Work order:
Exactly as written, return every line of the data below apart from the pictures.

-=-=-

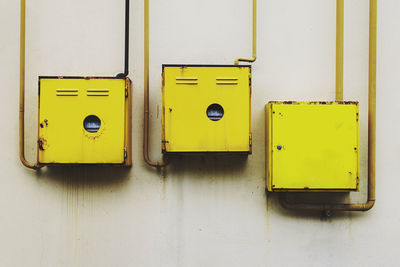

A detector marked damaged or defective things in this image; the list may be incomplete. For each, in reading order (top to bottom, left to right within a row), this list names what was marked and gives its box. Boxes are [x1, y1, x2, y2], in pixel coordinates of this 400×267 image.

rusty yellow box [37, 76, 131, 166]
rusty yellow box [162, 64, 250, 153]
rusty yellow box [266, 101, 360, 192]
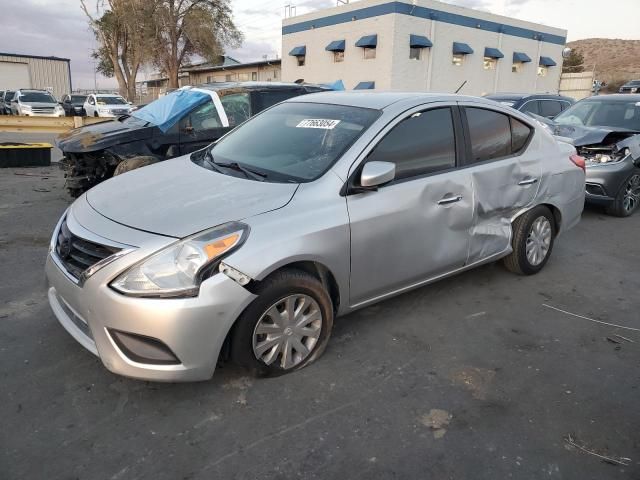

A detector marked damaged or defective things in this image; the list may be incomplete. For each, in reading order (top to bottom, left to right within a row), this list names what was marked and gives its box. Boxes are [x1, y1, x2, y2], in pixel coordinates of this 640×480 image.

-=-=-

Answer to this problem:
A detector marked damaged or defective things in this image; the list may be incomplete. For each, in reading order (top to bottom, left to right within a row), this list names what was marked and gives its box. Boxes are [x1, y1, x2, y2], in pixel coordinates of this 400×267 image.

rusty yellow box [37, 76, 131, 166]
rusty yellow box [162, 64, 250, 153]
rusty yellow box [266, 101, 360, 192]

A detector marked damaged or defective things in this image; the list may be incomplete. For each, in reading order (top to bottom, left to right within a row), this list names what was marked and gives its box. Boxes are [x1, y1, x2, y2], in pixel coordinates of this 640×480 image.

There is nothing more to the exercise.